Presidential infidelities impeachment - 9 October 1998
I'm afraid I must break an oath and then take it again and hope to stay with it. I promised not to talk about Topic A for some time, but I must because of a spreading popular attitude I believe to be misinformed and because of wide ignorance of the impeachment process.
About a fortnight ago, shortly after the videotape of Mr Clinton testifying before the watching Grand Jury was played on television, I had a letter from a very old lady in the farthest reaches of Scotland. It was a very short letter, a sort of extended plea. "Won't they stop hounding the man," she wrote. "Since time began, men were deceivers ever." She signed herself, "An 87-year-old".
It's a very stark philosophical view. I was immediately reminded of the immortal, austere, forever awesome figure of William Ewart Gladstone, who for newcomers I should say, was the greatest Parliamentary figure of 18th Century England. Four times Prime Minister, a Scotsman, the very model of a Victorian Christian statesman. He was in office in his 80s, died to a ravishment of national mourning by the great and the humble and the good, in his 90th year.
He once said – and the whole point of my telling you this story is that Gladstone said it not to a journalist, but to a close friend, who in those days would never have dreamed of passing on the remark. We readers and historians came to know about it only many decades later from published memoirs and letters of men long dead – what Mr Gladstone said was this: "I have known nine Prime Ministers, seven of whom were adulterers".
There is an accompanying legend, which if it's not true ought to be, to the effect of Mr Gladstone's adding "they had the good fortune not to violate the 11th commandment". Which every Victorian and, for that matter, three generations beyond, into my time, knew that it read "Thou shalt not be found out".

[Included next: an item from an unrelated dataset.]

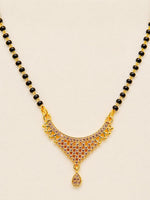 Load image into Gallery viewer, Diamond Crescent Mangalsutra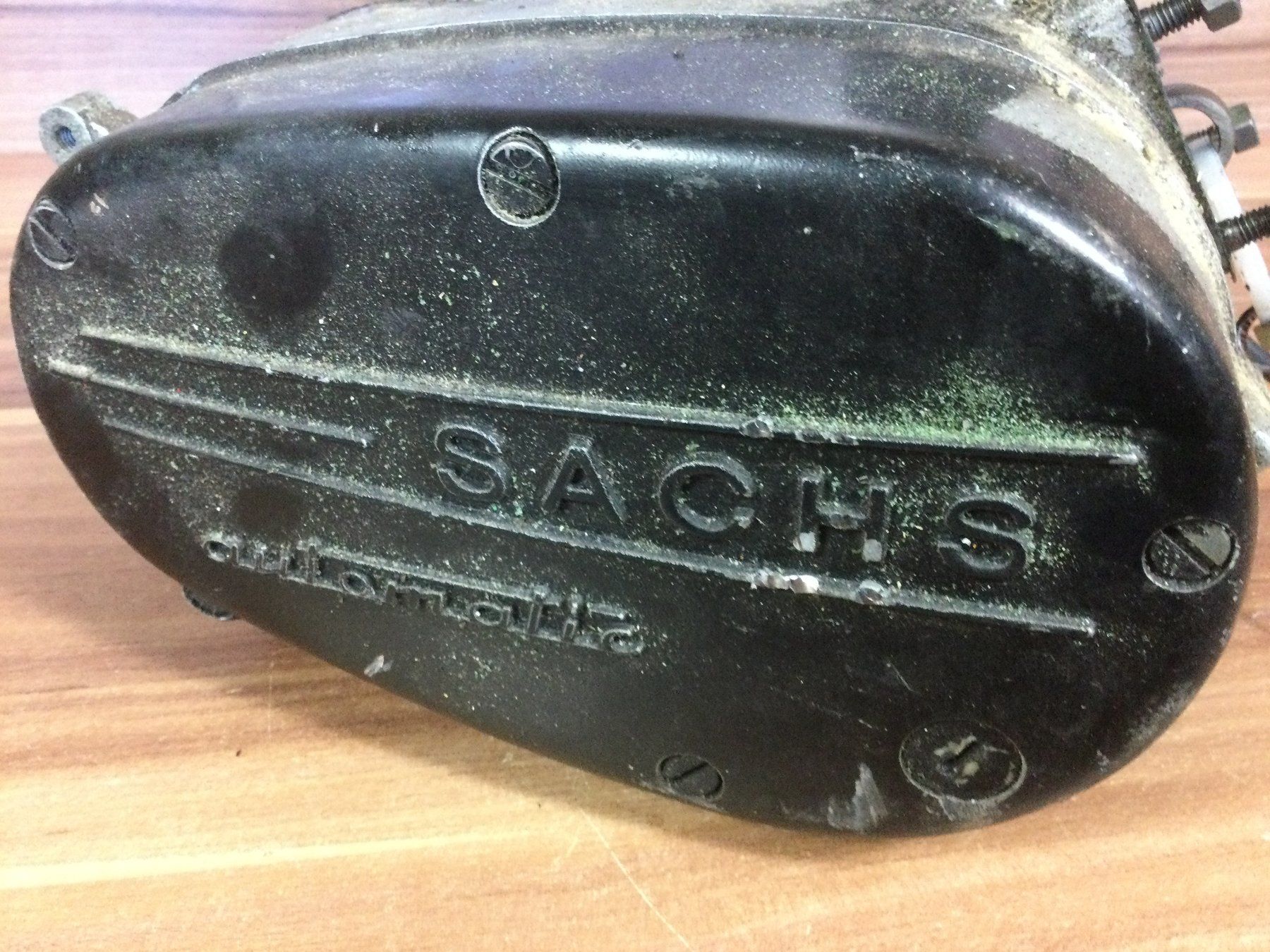 Sachs Ciclomotori: Gebrauchter Sachs Automatic Motor 503 – Usato da Wangen SZ venduto da kuriosum12 1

The statesmen then who were found out were, with or without trials, thrown into disgrace, from Dilke to Profumo and, in this country, to the western Senator Gary Hart, who only recently ran for president and defied the media to prove his underground reputation for womanising, so they took him up on it and found him in Florida with a toothsome miss, no friend of his wife's, grinning, she on his lap, aboard a yacht bearing the visible cruel name of Monkey Business.
What I'm going to talk about is simply the necessary constitutional procedure that the House of Representatives has just voted on. Because I've seen, in European newspapers, ludicrously misleading headlines, "Congress to impeach Clinton", "Impeachment confronts Clinton". Not for three more constitutional stages, does it. Let me just finish off the adultery aspect, if only to answer the smarty-pants college boy argument, surprisingly popular among the young middle-aged, who've picked up their history of presidential peccadilloes from recent newspapers.
First, the general chic dismissal of the whole affair by saying everybody did it. Well everybody didn't do it and only two presidents, we now know (we didn't at the time), only two presidents did it in the White House. The amiable, upstanding, fine-looking president and intellectual flyweight, Warren Gamaliel Harding and, six presidents later, John F. Kennedy.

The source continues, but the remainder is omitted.